- DATA RECORDS
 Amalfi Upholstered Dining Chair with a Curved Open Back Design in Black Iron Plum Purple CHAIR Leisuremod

--

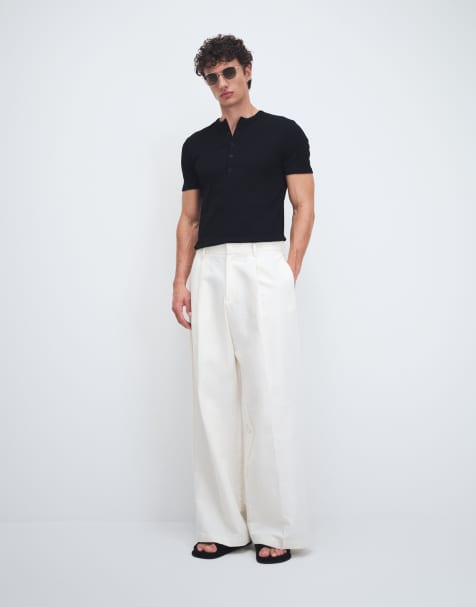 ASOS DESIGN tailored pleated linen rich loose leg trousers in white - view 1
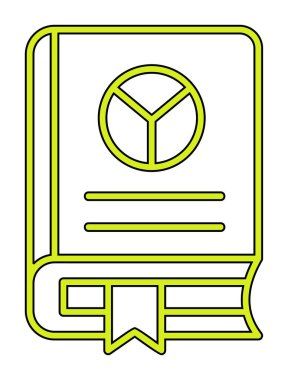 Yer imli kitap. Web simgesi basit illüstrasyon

---

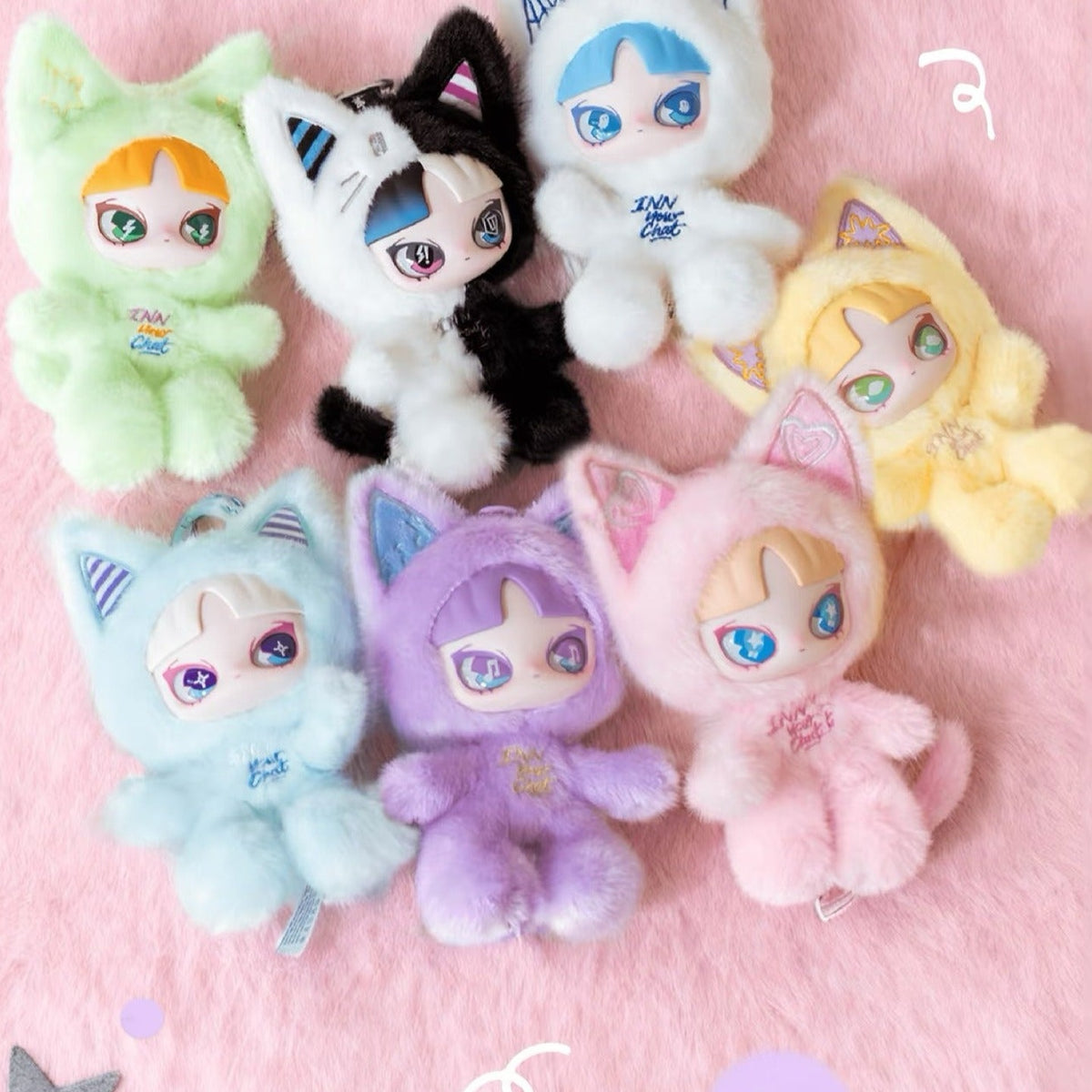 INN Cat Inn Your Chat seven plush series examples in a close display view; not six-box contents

- WORK ITEM
In the data above, find the line with "ASOS DESIGN tailored" and the line with "Yer imli kitap.". Please copy exactly those two lines and every line between them, but not the pictures.

- RESPONSE TO THE TASK
 ASOS DESIGN tailored pleated linen rich loose leg trousers in white - view 1
 Yer imli kitap. Web simgesi basit illüstrasyon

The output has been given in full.